Transcribe nothing except the lines below that run from the one with "Our tester takes" to the one with "Sauced shotgun shells", ends included, and do not copy any picture.

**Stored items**
+--

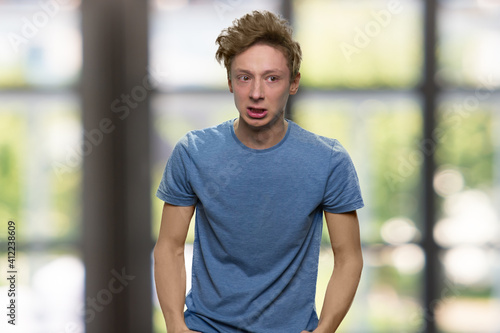 Sad teenager against the window. Unhappy american boy in t-shirt. Blurred window on the background.
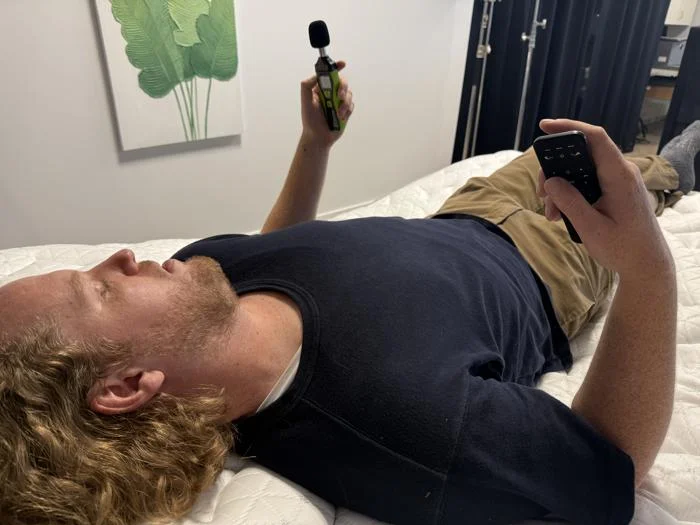 Our tester takes decibal readings while operating the Helix Adjustable Base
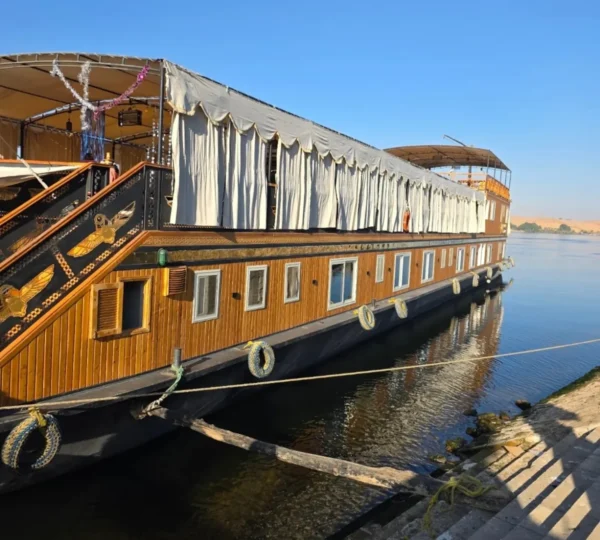 Traditional wooden dahabiya with a shaded upper deck on the Nile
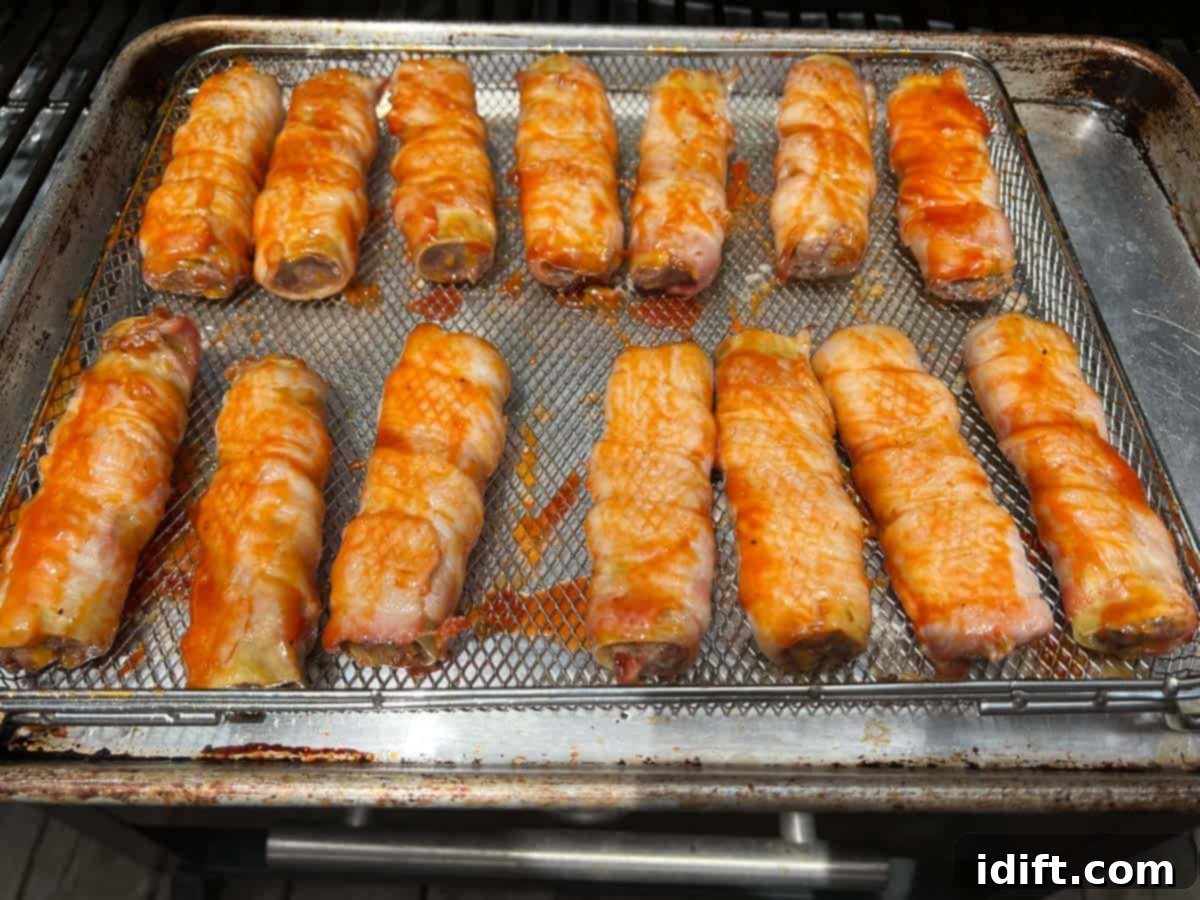 Sauced shotgun shells ready for the last smoke, glistening with BBQ sauce.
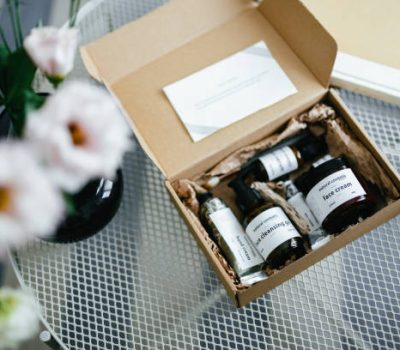 Shot from above of an open gift box on the coffee table. There are natural cosmetic products inside and paper note.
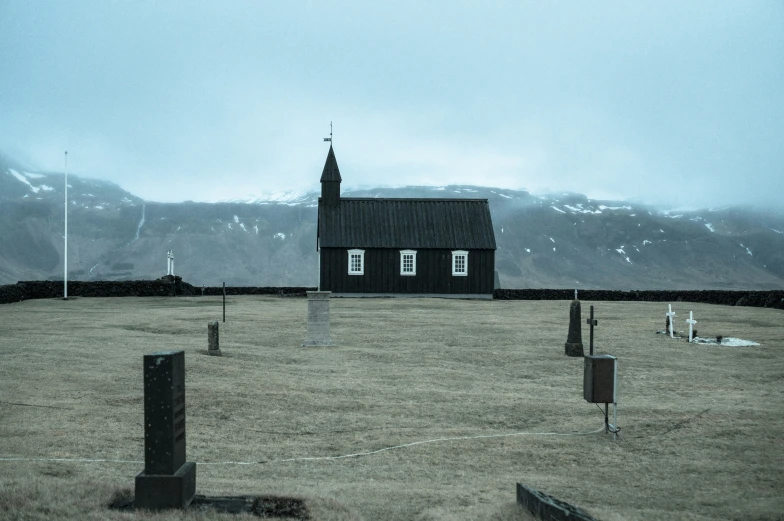 a church on a cloudy day with a cross on it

+--

**FINISHED TASK**
 Our tester takes decibal readings while operating the Helix Adjustable Base
 Traditional wooden dahabiya with a shaded upper deck on the Nile
 Sauced shotgun shells ready for the last smoke, glistening with BBQ sauce.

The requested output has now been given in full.